Solution of Time-dependent Schrodinger Equation for Unitary Operator

Question

While reading Quantum Mechanics Book by Sakurai, I found the time-dependent Schrodinger equation for Unitary Operator.

$$i\hbar \frac{\partial}{\partial t}\mathcal{U}(t,t_0)=H\mathcal{U}(t,t_0).$$

The solution to the above equation for time-independent Hamiltonian operator is given that

$$\mathcal{U}(t,t_0)=\exp\left[\frac{-iH(t-t_0)}{\hbar}\right].$$

Can anybody explain how it is coming? $U(t,t_0)$ is an operator, not a function.
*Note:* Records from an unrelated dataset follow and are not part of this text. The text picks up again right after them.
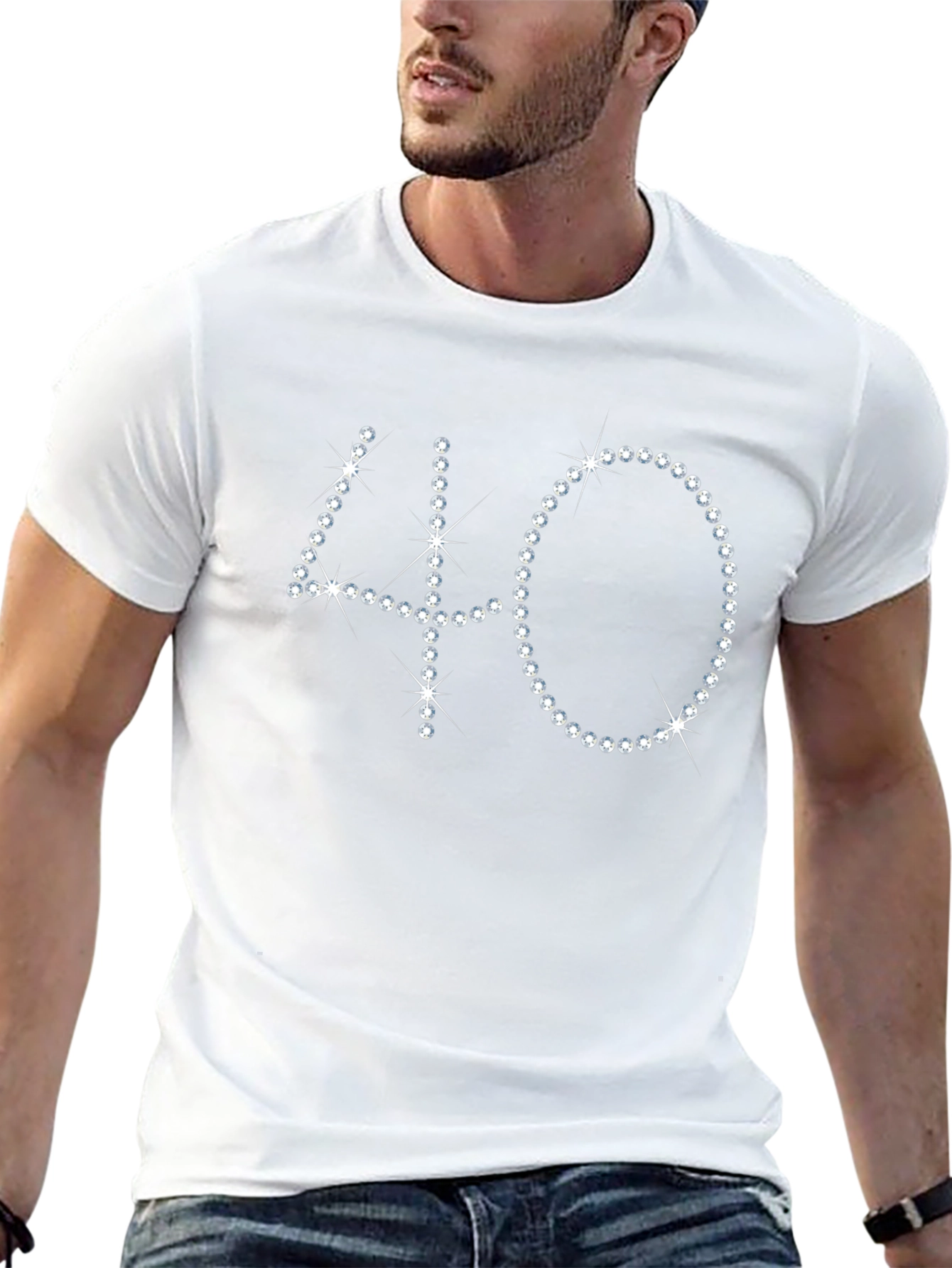 Sparkling 40th Birthday Black T-Shirt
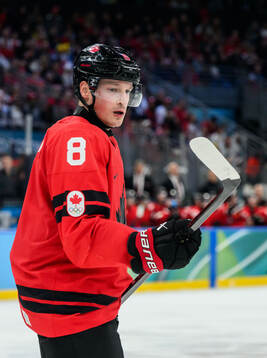 Cale Makar of Canada in the men's ice hockey semifinal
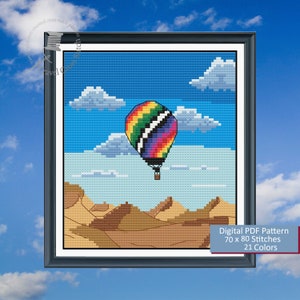 Hot Air Balloon in a Desert Cross Stitch Pattern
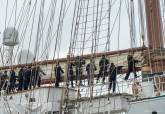 El buque escuela Elcano a su llegada al puerto de Cartagena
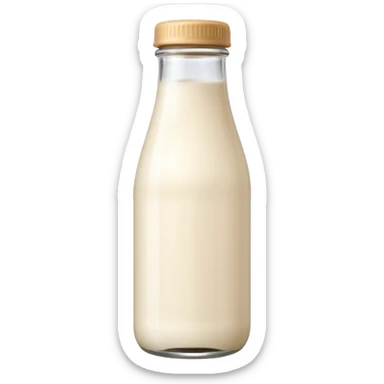 Cute glass milk white bottle, beige cap sticker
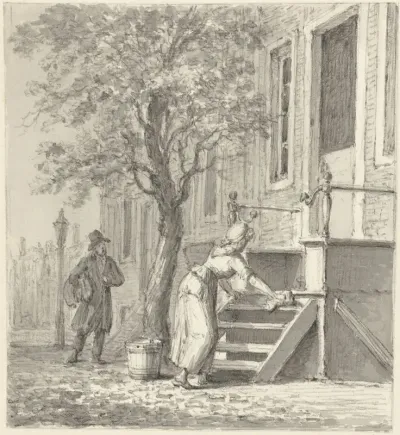 Een dienstmeid bezig een trap voor een huis schoon te maken
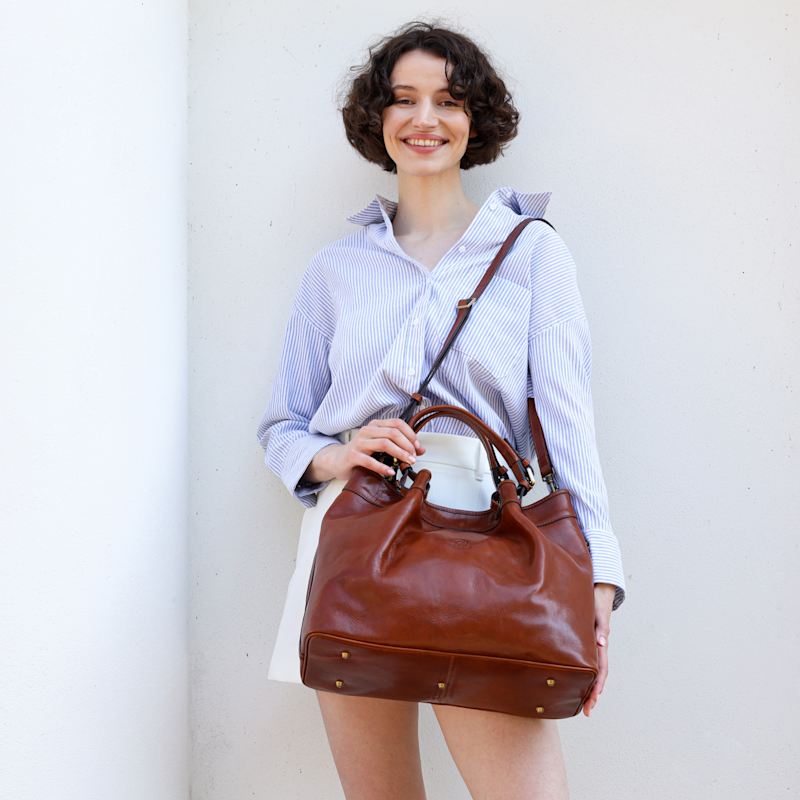 Thumbnail of Cognac Brown Leather Tote Bag For Women - The Betrothed image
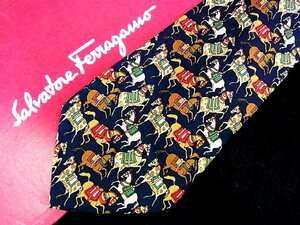 ♪今週の特売980円～♪2534♪良品【Ferragamo】フェラガモ【馬 ウマ 動物 柄】ネクタイ♪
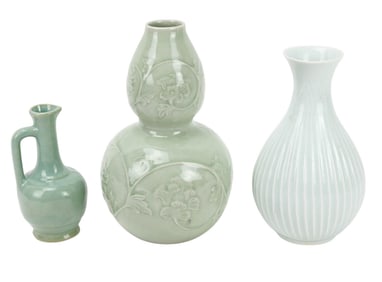 3 Chinese Celadon Porcelain Vases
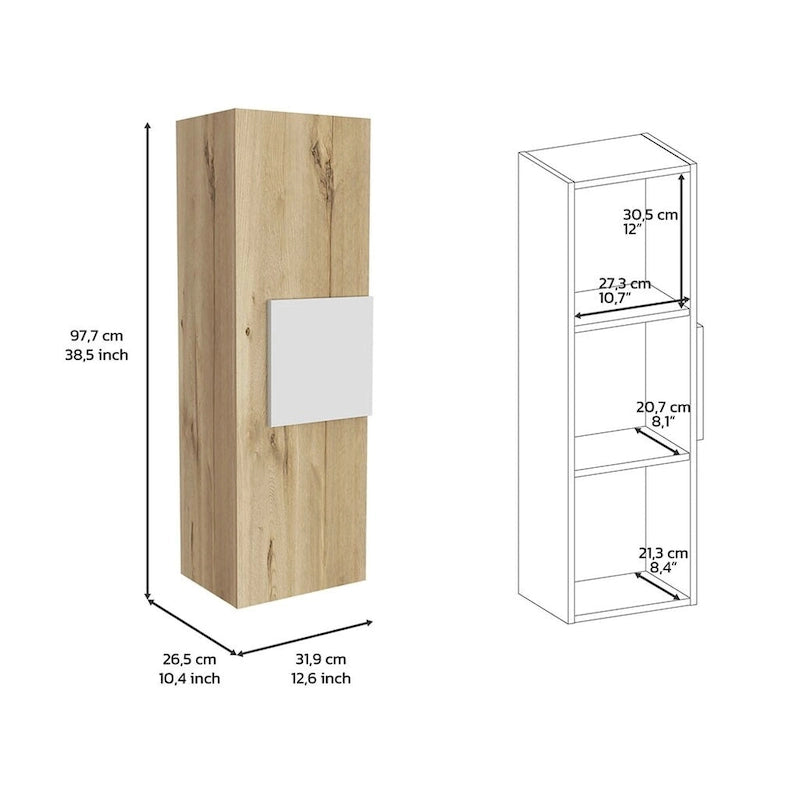 Armoire de toilette à porte unique avec 3 étagères, blanc et chêne clair
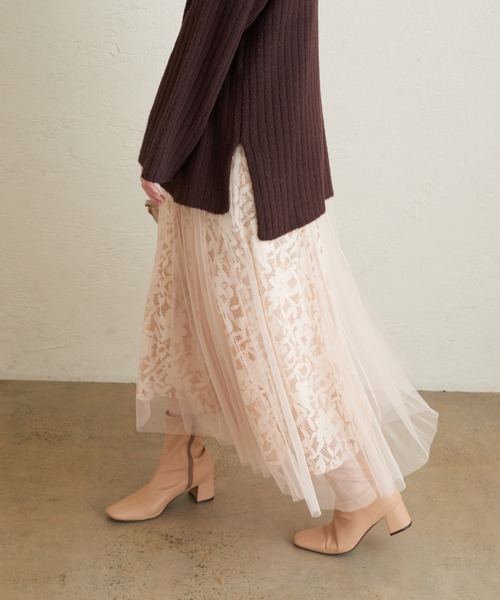 natural couture（ナチュラルクチュール）の「レース×チュールレディスカート（スカート・レディース・ブラック/アイボリー/ブラウン/ピンク・FREE）」の2枚目の写真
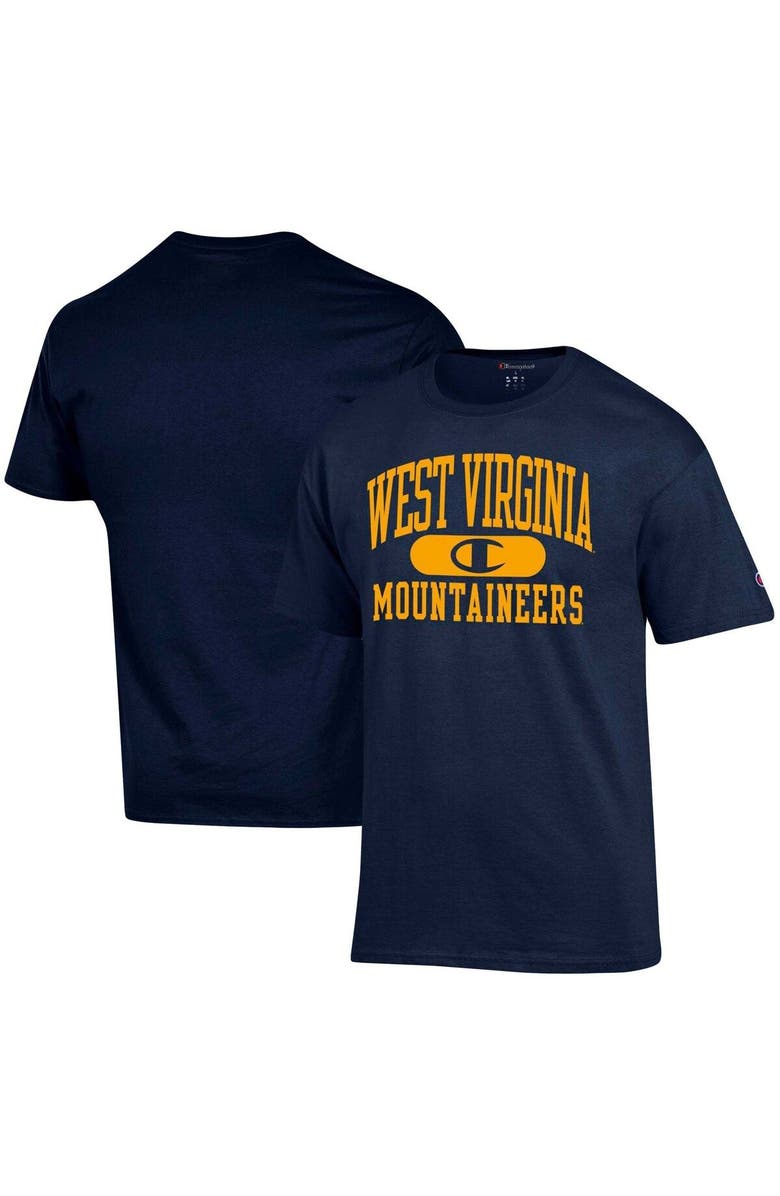Champion Men's Champion Navy West Virginia Mountaineers Arch Pill T-Shirt, Main, color,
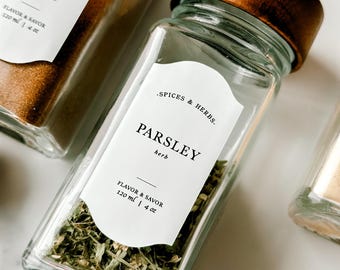 French Inspired Spice Labels: Vintage Style, Water Resistant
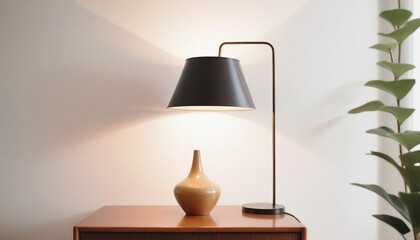 Lamp on the white table with white wall background, stock photo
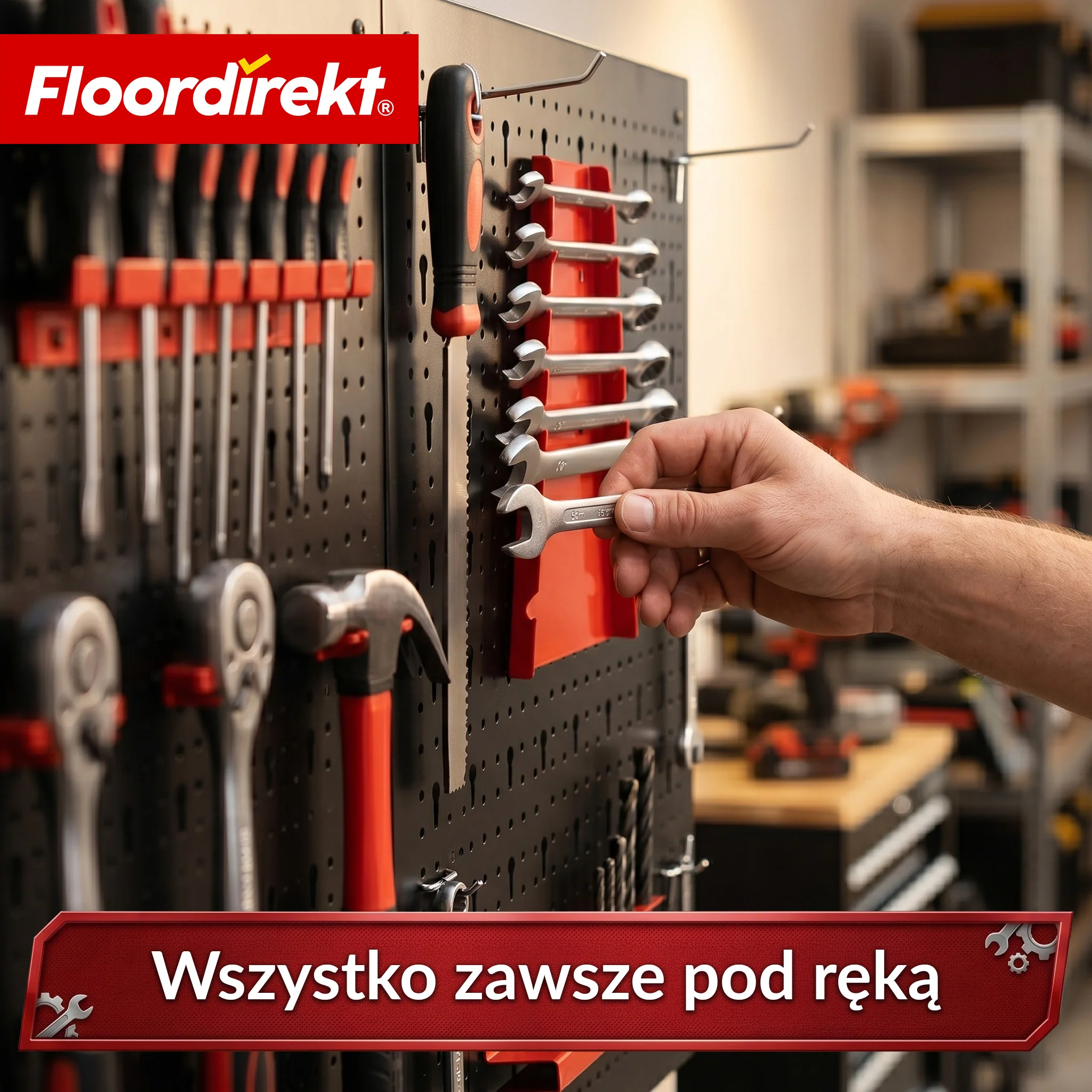 Ścianka narzędziowa | Parker | Metalowy zestaw tablicy perforowanej z akcesoriami | Uchwyt na narzędzia do warsztatu i garażu - Image 31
Reference -- Modern Quantum Mechanics (Sakurai) - 2nd Edition - Chapter 2 (Page No. - 70)

Answer 1

The operator $U(\Delta t)$ acts on the initial wavefunction (say at $t=0$) to give the wavefunction at any later time $t$. As you have shown in the question $$ U(\Delta t) = e^{-iH\Delta t}$$ Let's say the initial wavefunction was $\psi (x,0)$ then the wavefunction after $\Delta t$ time has elapsed will be given by $$ \psi (x,t) = U(t) \psi (x,0)$$ Or $$ \psi (x,t) = e^{-iH t}\psi (x,0)$$ The problem one has here is that the operator is in the exponent. The solution is to consider the Mc Lauren series. To make it easier let's say that $\Delta t$ is very small. Hence $$ \psi (x,t) = \psi(x,0)-itH\psi(x,0)$$ This is how time evolution operator acts on wavefunctions. For more and more accurate descriptions higher order terms can be included.

Hope this helps.

Answer 2

$\mathcal{U}(t,t_0)$ is still an operator. The exponent has to be understood as a Taylor expansion.